Coventry, UK, is/was the home of the Midlands car industry, long dormant now, a multi-racial enclave crammed into ugly post-war housing, most of anything older having been blitzed to smithereeens in the war. With little to trumpet beyond it's cathedral, it had been the hotbed of the above mentioned 2 Tone movement, that had brought together the disaffected afro-caribbean population with their white counterparts, in marked contrast to the "skinheads" of 2 decades earlier, which had plied the latter against the former, and that was similarly strong in cities like Coventry. For a moment Coventry was famous for the Specials, the Selecter and many more. (Here's a history lesson ) Paul King was a member of one such band, the Reluctant Stereotypes, their name a nod to an earlier song by the Specials. They were not particularly successful, but garnished a couple of hits.

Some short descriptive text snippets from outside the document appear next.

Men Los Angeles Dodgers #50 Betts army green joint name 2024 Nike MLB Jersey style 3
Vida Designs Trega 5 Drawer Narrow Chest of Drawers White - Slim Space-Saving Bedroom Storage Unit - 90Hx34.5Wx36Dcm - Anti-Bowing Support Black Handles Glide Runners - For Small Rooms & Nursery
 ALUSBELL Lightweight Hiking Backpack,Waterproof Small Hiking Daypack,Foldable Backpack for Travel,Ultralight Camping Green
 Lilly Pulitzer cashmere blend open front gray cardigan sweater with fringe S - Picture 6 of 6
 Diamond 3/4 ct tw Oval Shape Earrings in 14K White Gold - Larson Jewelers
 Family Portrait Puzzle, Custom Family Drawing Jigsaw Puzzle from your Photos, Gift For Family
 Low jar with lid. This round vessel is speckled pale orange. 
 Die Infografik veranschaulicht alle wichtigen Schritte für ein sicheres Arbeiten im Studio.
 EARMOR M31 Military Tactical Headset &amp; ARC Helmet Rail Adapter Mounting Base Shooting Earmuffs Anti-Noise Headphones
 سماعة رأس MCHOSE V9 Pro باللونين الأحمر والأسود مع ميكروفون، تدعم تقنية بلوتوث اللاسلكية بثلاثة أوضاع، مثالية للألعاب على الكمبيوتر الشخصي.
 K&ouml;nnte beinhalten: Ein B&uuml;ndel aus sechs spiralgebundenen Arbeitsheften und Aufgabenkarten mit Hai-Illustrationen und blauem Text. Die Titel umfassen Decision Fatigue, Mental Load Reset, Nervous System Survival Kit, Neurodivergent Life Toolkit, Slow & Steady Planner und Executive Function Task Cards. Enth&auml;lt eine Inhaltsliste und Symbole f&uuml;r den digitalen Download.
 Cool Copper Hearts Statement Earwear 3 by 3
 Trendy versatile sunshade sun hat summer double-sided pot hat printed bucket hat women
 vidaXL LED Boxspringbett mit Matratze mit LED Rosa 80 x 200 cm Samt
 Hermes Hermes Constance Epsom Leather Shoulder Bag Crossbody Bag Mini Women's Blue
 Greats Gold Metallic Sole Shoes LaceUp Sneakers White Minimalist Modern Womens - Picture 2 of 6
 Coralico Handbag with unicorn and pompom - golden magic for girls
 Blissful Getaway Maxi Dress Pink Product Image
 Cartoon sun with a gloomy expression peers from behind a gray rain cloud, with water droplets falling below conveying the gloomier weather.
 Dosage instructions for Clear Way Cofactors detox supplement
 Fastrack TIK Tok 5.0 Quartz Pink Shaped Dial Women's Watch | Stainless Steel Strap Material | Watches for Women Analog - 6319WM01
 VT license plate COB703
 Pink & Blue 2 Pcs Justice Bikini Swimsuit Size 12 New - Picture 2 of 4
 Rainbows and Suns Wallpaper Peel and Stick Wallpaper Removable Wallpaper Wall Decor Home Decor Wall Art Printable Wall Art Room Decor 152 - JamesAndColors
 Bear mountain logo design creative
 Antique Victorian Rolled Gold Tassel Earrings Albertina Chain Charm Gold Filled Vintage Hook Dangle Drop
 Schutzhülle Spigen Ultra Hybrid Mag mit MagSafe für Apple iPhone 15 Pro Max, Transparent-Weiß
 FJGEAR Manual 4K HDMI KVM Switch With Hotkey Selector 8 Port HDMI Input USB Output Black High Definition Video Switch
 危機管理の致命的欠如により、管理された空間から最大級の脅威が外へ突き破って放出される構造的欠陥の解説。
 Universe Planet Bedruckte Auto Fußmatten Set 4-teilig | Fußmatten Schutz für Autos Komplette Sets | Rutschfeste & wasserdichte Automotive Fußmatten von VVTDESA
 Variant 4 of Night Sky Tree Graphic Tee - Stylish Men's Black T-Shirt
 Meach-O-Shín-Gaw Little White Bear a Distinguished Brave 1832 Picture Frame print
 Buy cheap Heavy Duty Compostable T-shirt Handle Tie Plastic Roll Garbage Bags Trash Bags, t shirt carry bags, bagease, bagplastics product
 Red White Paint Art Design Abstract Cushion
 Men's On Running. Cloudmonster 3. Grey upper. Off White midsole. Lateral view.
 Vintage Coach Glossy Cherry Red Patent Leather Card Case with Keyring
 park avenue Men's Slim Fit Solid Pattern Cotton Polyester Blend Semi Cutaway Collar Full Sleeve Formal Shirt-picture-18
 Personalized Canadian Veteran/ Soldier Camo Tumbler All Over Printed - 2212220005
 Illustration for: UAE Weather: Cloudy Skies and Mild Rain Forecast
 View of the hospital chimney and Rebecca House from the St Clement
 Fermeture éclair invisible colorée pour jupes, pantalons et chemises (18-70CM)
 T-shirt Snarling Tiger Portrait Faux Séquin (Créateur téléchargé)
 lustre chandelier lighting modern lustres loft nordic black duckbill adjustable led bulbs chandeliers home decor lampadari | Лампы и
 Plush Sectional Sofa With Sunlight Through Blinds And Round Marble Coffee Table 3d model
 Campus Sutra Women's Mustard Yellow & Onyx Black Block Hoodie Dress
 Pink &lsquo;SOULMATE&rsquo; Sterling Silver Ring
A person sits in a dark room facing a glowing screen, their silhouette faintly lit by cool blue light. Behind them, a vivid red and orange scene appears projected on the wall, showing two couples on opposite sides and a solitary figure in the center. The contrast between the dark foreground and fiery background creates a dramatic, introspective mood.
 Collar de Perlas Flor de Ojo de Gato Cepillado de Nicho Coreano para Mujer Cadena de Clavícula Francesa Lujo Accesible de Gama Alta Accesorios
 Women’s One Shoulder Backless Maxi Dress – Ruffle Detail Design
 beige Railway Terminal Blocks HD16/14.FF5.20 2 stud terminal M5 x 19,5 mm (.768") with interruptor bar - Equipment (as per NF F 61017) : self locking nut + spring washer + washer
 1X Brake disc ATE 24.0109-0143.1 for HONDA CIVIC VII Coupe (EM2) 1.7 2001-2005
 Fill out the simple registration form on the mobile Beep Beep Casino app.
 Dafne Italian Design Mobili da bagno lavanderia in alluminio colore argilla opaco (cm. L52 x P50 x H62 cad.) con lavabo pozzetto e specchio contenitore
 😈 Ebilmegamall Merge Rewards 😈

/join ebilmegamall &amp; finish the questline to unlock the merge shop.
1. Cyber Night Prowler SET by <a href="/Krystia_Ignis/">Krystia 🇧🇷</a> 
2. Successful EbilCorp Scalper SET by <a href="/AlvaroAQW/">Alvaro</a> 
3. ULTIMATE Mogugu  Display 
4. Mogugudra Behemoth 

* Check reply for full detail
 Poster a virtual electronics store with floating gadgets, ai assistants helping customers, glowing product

That all changed with a new line-up and a couple of name changes, in no small part thanks to their colourful image and energetic dynamic. Paul King, and hence the name, was spectacularly photogenic and the combination of MTV and the adulation of teenage girls propelled them swiftly into the charts. Here's their 1984 break through moment, which I fondly recall, being shown on, of course, Top of the Pops. Now, not a teenage girl myself, either then or now, I found this poly-rhythmic melange sufficiently exciting to jump their bandwagon. (Funnily enough, in the intervening years, much as I still love the song, I can't understand how the video youth dance routine didn't put me off, being gallingly gauche.)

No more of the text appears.